Interfacing Iconicity - Addressing Software Divarication Through Diagrammatic Design Principles

Friday, September 28, 2018 - 8:00am to 9:00am
2265, Storey Innovation Center

Department of Computer Science and Engineering

Author : George Akhvlediani
Advisor : Dr. Buell
Date : September 28th
Time : 10:00 am
Place : 2265, Storey Innovation Center


This research examines conflicts accompanying the proliferation of computer technology and, more specifically, constellations of dependency in the always expanding volume of software, platforms, and the firms/individuals using them. We identify a pervasive phenomenon of “divarication” in the growing variety of progressively specialized systems and system roles.
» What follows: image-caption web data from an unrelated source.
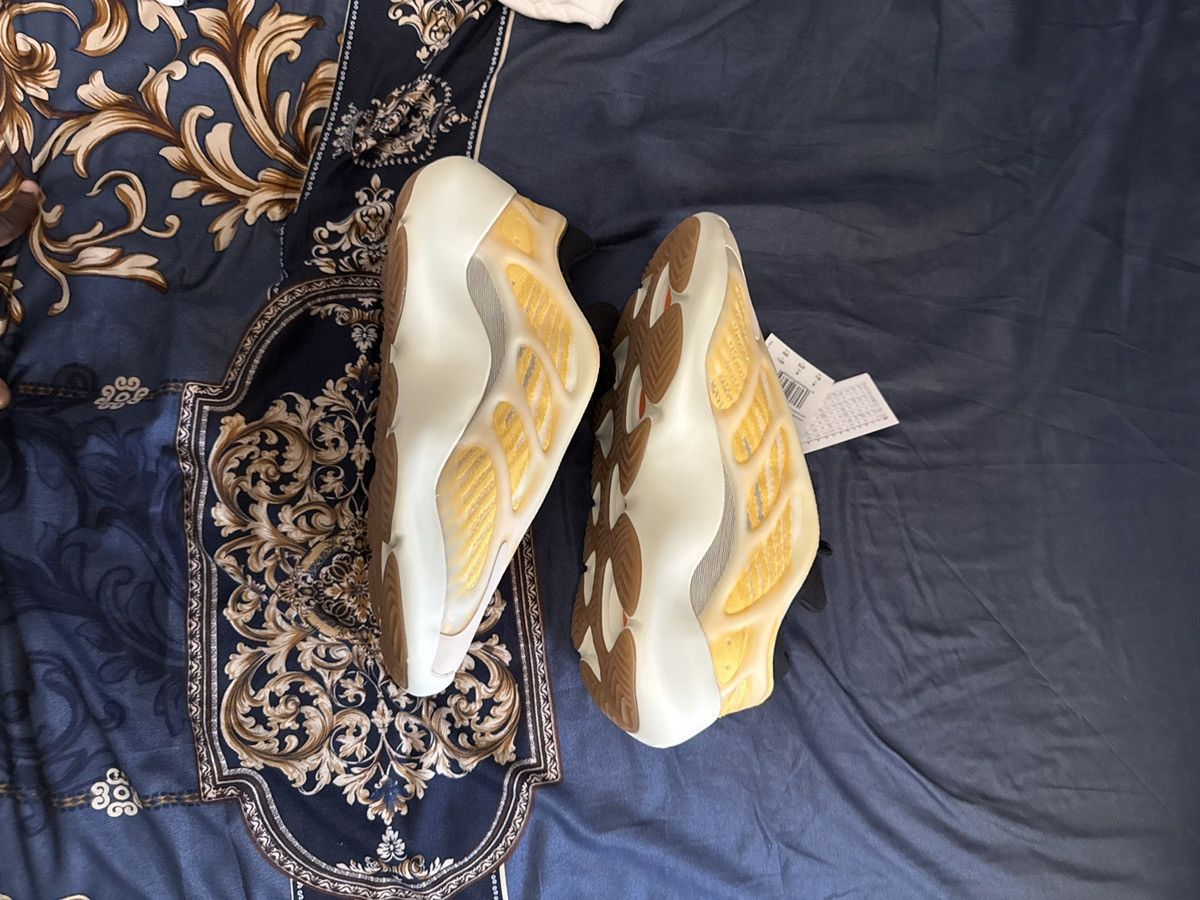 Yeezy Yeezy 700 Size US 9.5 / EU 42-43 - 1 Thumbnail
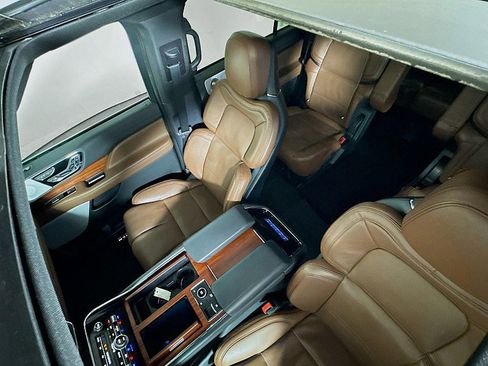 Used 2024 Lincoln Navigator Reserve AWD/4WD image 14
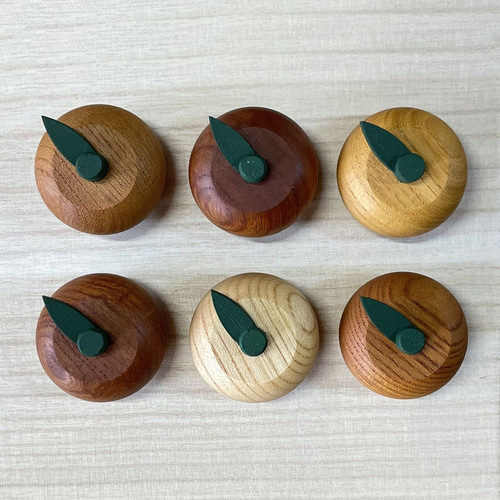 割引価格！】木の鏡餅 Sサイズ｜桐箱入り 木製 かがみもち お正月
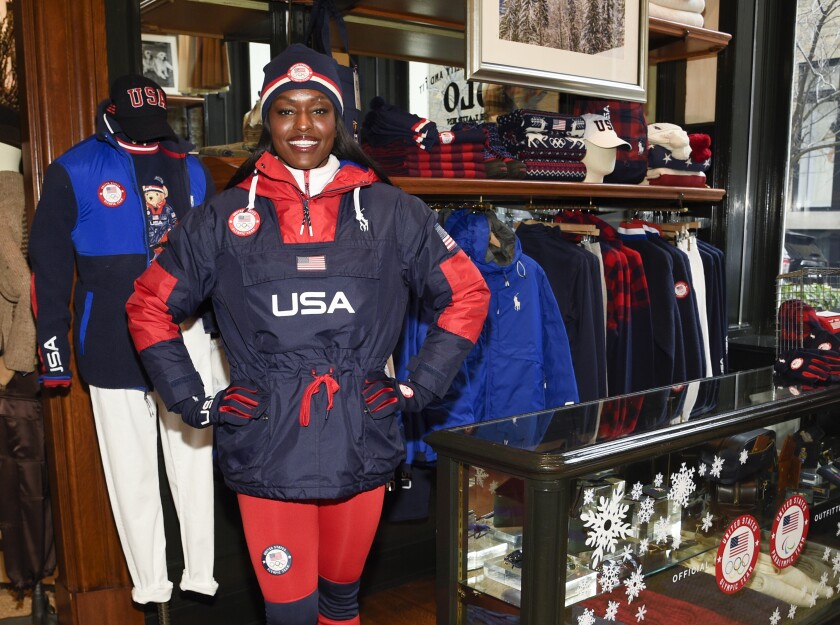 La deportista de bobsleigh Aja Evans modela uniformes del equipo estadounidense 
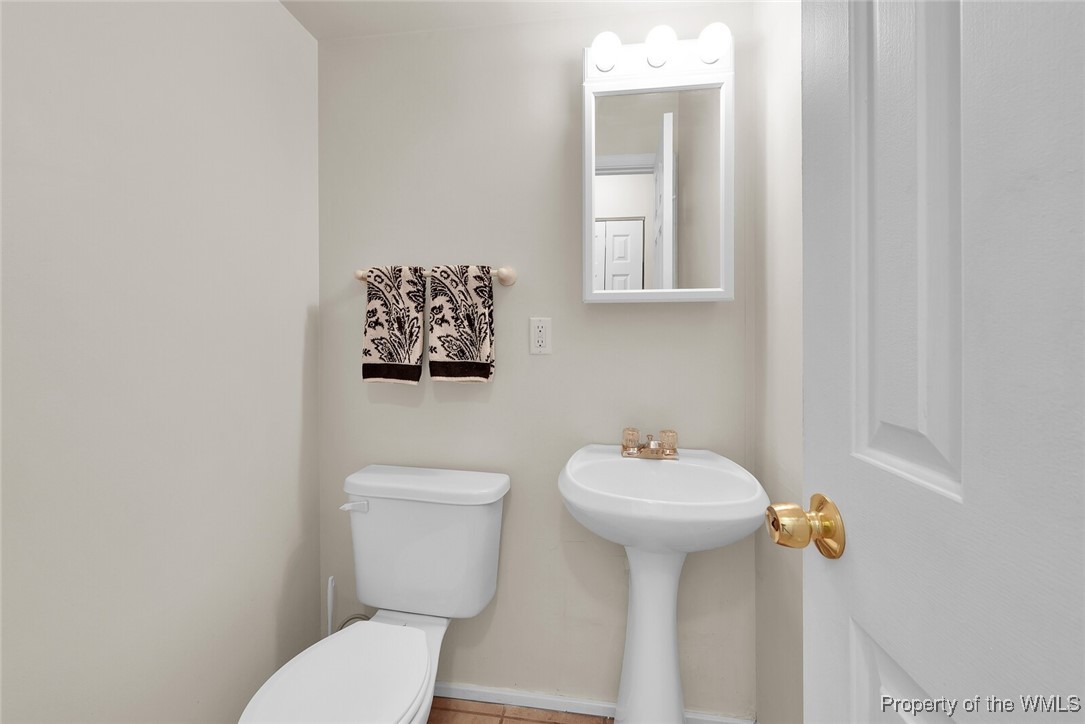 Williamsburg, Virginia 23185, United States, 3 Bedrooms Bedrooms, ,2 BathroomsBathrooms,Residential,Pending,25868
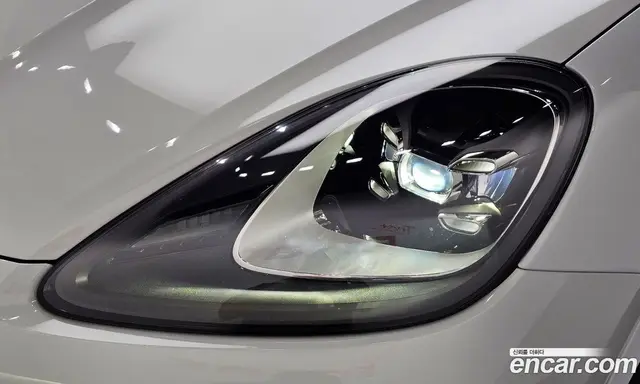 Porsche Cayenne 2022 3.0 автомат (гидро), миниатюра 8 Porsche Cayenne 2022 3.0 автомат (гидро), миниатюра 8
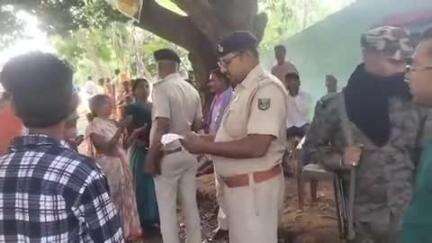 झाझा: टेलवा बाजार के तुरी टोला में एक विवाहिता ने फांसी लगाकर आत्महत्या की, पुलिस हर बिंदु पर कर रही है जांच पड़ताल
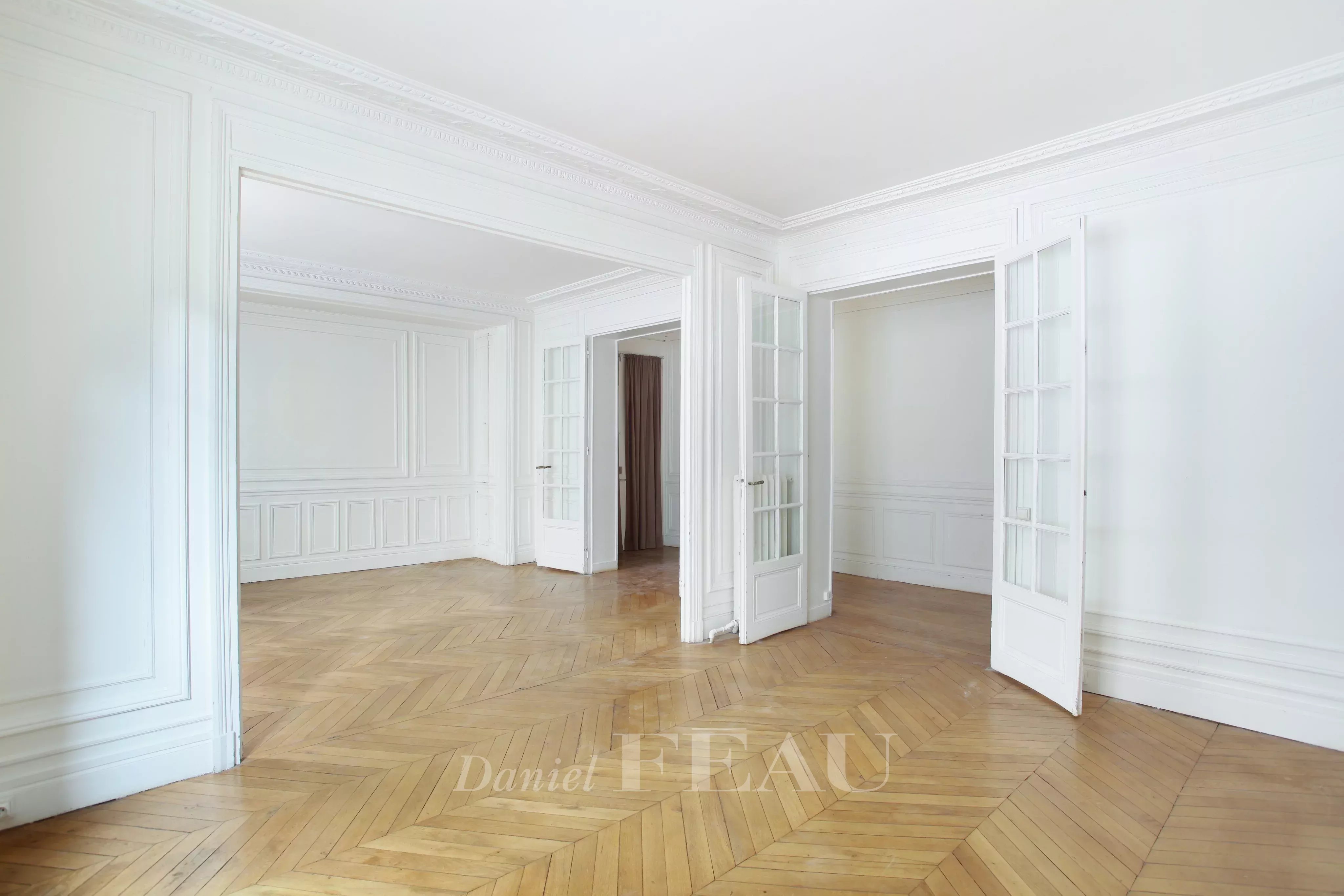 Sale Apartment Paris 16th
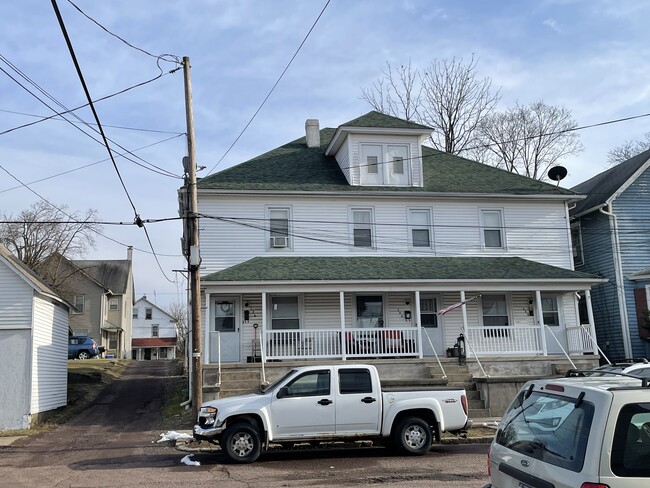 property at 122 E 8th St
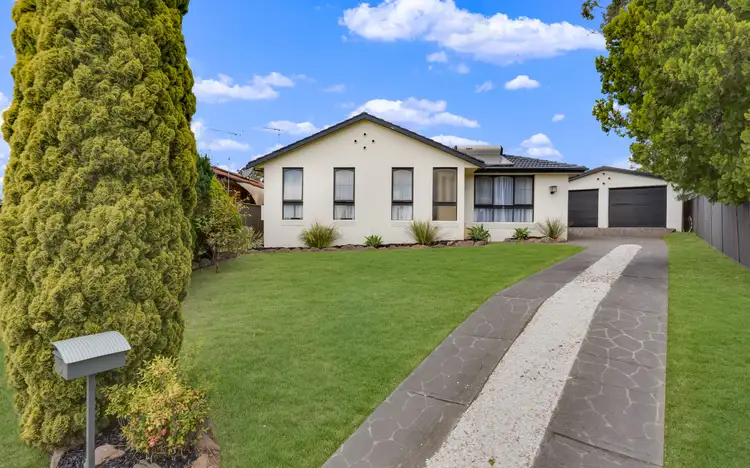 5 Whale Place, Woodbine NSW 2560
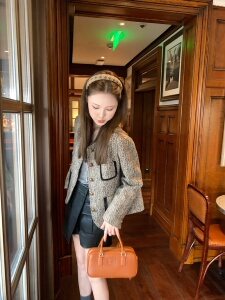 aaaaxbbb 琥珀松林 短款长袖羊毛呢外套女高级感秋冬时髦上衣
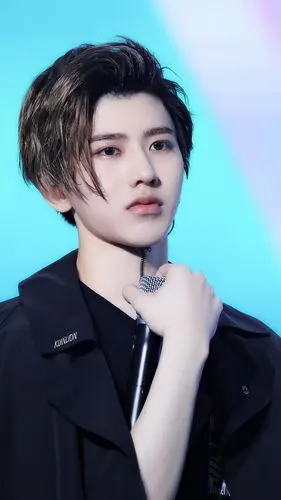 蔡徐坤 大奎 喉结拉链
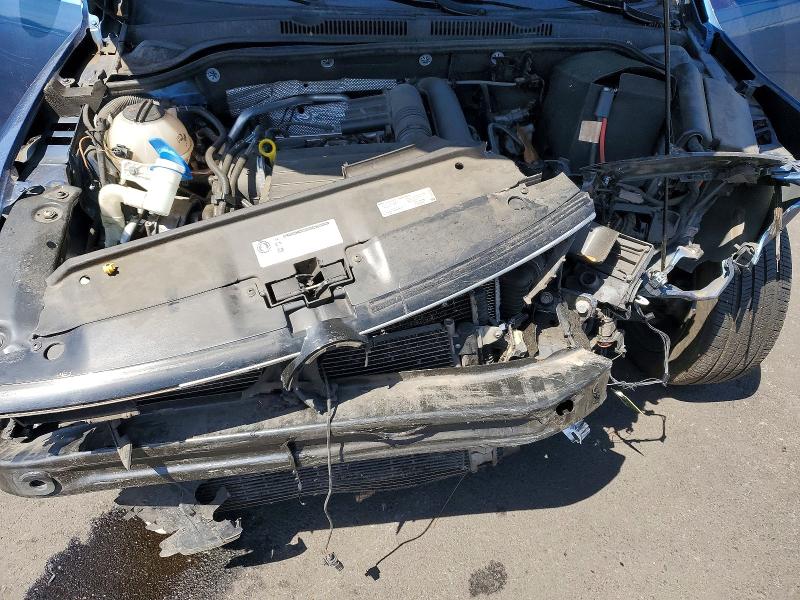 55403046 :رقم المزاد ، 3VWDB7AJ6HM289581 vin ، 2017 Volkswagen Jetta مزاد بيع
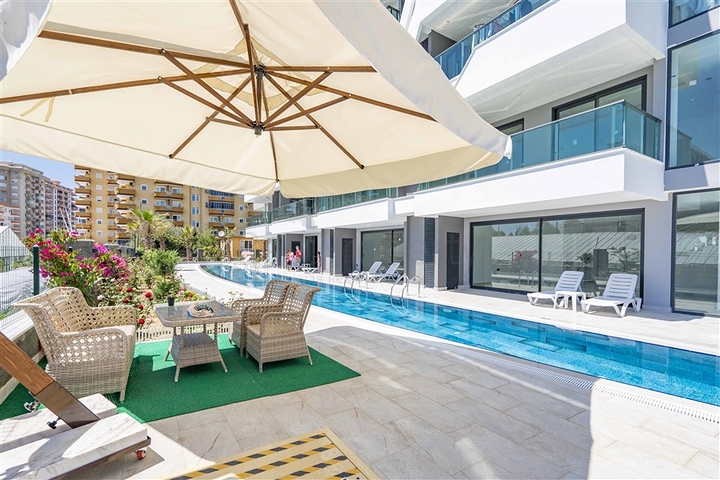 Furnished 1+1 apartment in a new complex in Kargicak district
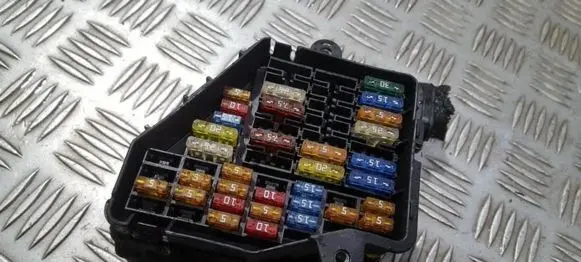 Audi A8 S8 D3 4E Fuse box set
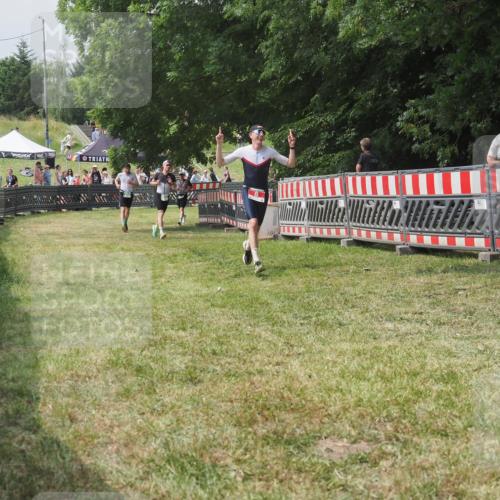 21.06.2025 - 27. Vierlanden-Triathlon KatJ http://msf.ph/oto/7991641 15.06.2025 12:34:17 Laufen  meine-sportfotos.de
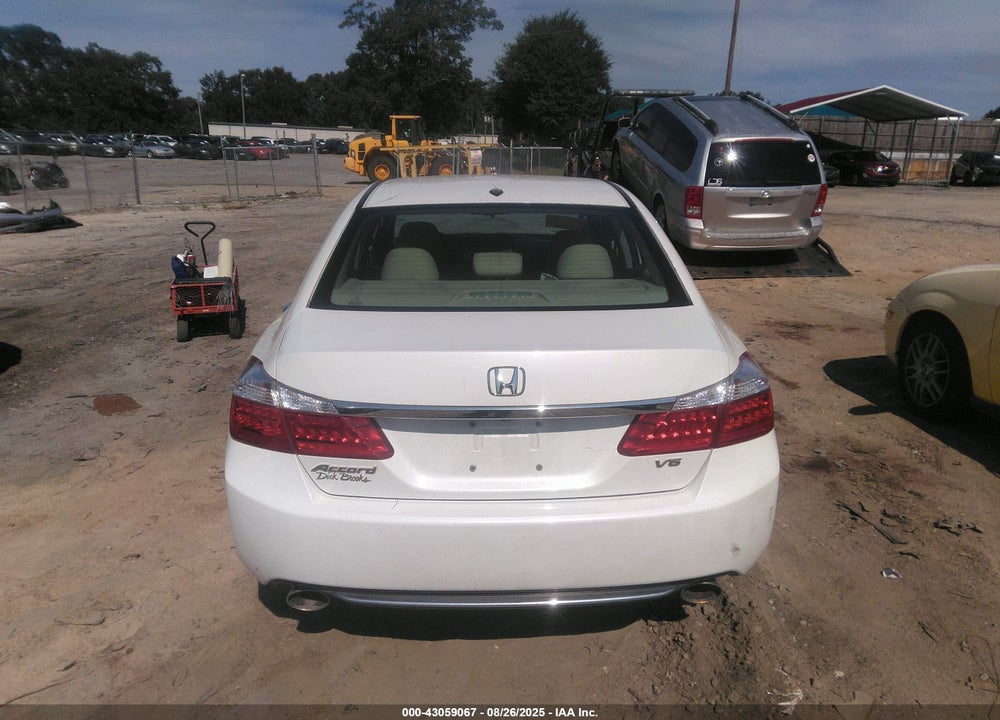 2014 HONDA ACCORD VIN: 1HGCR3F88EA032506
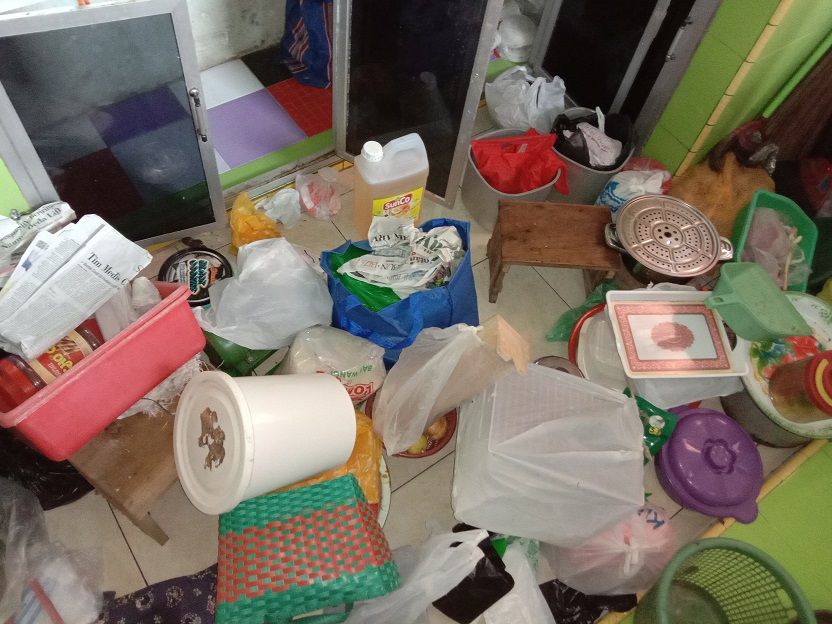 Kegiatan menyortir bekas kaleng biskuit untuk isi rengginang. - Dokpri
As software systems enter new thresholds of sophistication, they effectively aggregate many distinct components and protocols. Consequently, we are confronted with a diverse ecology of stratified and thereby incompatible software systems. Software inherits the limitations and potential flaws of its constituent parts, but unlike physical machinery, it isn’t readily disassembled in instances of failure. The individuals using these systems have no means to dissect and analyze their tools, and thus are necessarily dependent on developer assistance.
We assert that divarication is a consequence of interfacing, and particularly in the way computer interfaces operate as the sole point of contact between a user and a software system. Taking Charles S. Peirce’s three types of sign (the icon, index, and symbol) into special consideration, we observe that computer interfaces seldom employ iconic representation. In other words, these interfaces do not reflect the interior logic that drives them; they bear no resemblance to their referent(s). Merely “using” software doesn’t promise any insight into how that software works. We argue that this circumstance makes divarication inevitable. Opaque elements are assembled together into opaque wholes, and so the magnitude of this problem will likely scale with increasing software sophistication.
As the thesis title indicates, we bring Peirce’s notion of “iconicity” into accompaniment with “interfacing”, forming an abstract paradigm in response to divarication. We intend to infuse a software platform with a recurrent protocol of iconicity, to develop a platform that allows at least partial disassembly and examination of the programs it facilitates. We composed a diagrammatic design scheme; a blueprint for software platforms that might emulate “interfacing iconicity”. We developed a prototype platform, implementing this structural logic. This initial prototype is a rudimentary HTML rendering platform, one that articulates the relationship between plain-text code, its Document Object Model (DOM) representation, and the rendered “page” itself. Currently, this prototype is a useful analog for our argument. Since it offers a distinct perspective on the connections between text markup and its systemic interpretation, it may also have educational utility. However, it is not yet a fully realized implementation of our design paradigm, and at this stage a conclusion on whether the latter genuinely addresses divarication would be premature.